Shadow Reichenstein



Shadow Reichenstein gehört zu den Bands, die in den 90er Jahren aus der "New Gothic"-Welle heraus entstanden sind und obwohl so mancher, alteingessener Gothe diese Zeit vor allem mit dem Sakrileg der in die Szene eindringenden Farbe (Pink ist ja bekanntlich das neue Schwarz unter den New-/Cyber-Gothics), einer Schwemme von Technoverschnitten und den einfallenden Horden der Cyber-Goths, die den vormals faszinierend-mysteriösen Stadtfriedhof nicht nur mit ihrem Farblaster und den quietschigen Elektroklängen völlig aus dem Gleichgewicht bringen und obendrein sämtliche, gothischen Konvensationen auf ein schaurig-niedriges Neviau dirigierten, verbinden ist Shadow Reichenstein eine der wenigen Bands, die in dieser für den heimischen Gothen eher schwierigen Zeit der düsteren, gothischen Seele wohl am ehesten entsprachen.

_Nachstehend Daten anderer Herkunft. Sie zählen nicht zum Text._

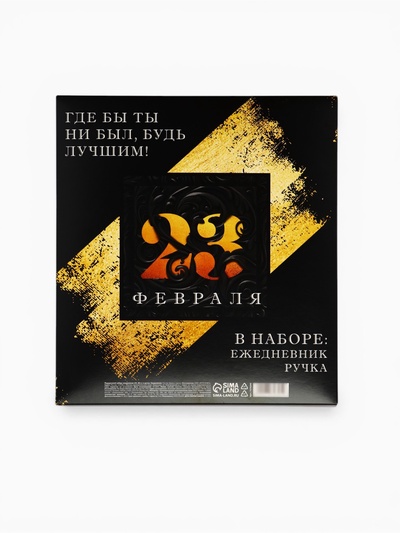 Подарочный набор «23 февраля. Сила, воля, характер», ежедневник А5, 80 л в твердой обложке и ручка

Zwar sind die Black-Metal- und Industrial-Einflüsse der Band nicht wegzudiskutieren und das provokante Auftreten in schwarzer Uniform, mit Eisernen Kreuz, Gasmaske und Pickelthaube als Markenzeichen hat schon so manches Mal dafür gesorgt, dass Shadow Reichenstein von nicht ganz so eingeweihten Individuen in die rechte Szene eingeordnet wurde. Musikalisch lässt die Band jedoch keinen Zweifel daran, dass es hier nicht um White Power, sondern Vampire, Werwölfe und den ganzen, schwarz-gothischen Wahnsinn geht! Verpackt in einen wirklich coolen Mix aus Metal, Industrial und auch ein wenig Punk - wobei direkt die auf dem Keyboard gespielte Orgeleinflüsse und Einspielungen aus den alten Draculaverfilmungen der 30er für das gewisse Etwas sorgen.


Als jemand, der die 90er in Sachen Gothic vor allem mit mainstreamigen, pseudo-mysteriösen Pop-Mittelalter-Metal-Verschnitten wie Within Tamptation oder Evenacense in Verbindung bringt und auch sonst musikalisch mit dem Gothic eigentlich schon lange abgeschlossen hatte hat mich Shadow Reichenstein dann doch wieder ein stück zurückgeholt in die alten Friedhofszeiten meiner Jugend. Für mich ist die Band daher eine kleine Offenbarung - in Zeiten in denen die Gothen immer pinker werden!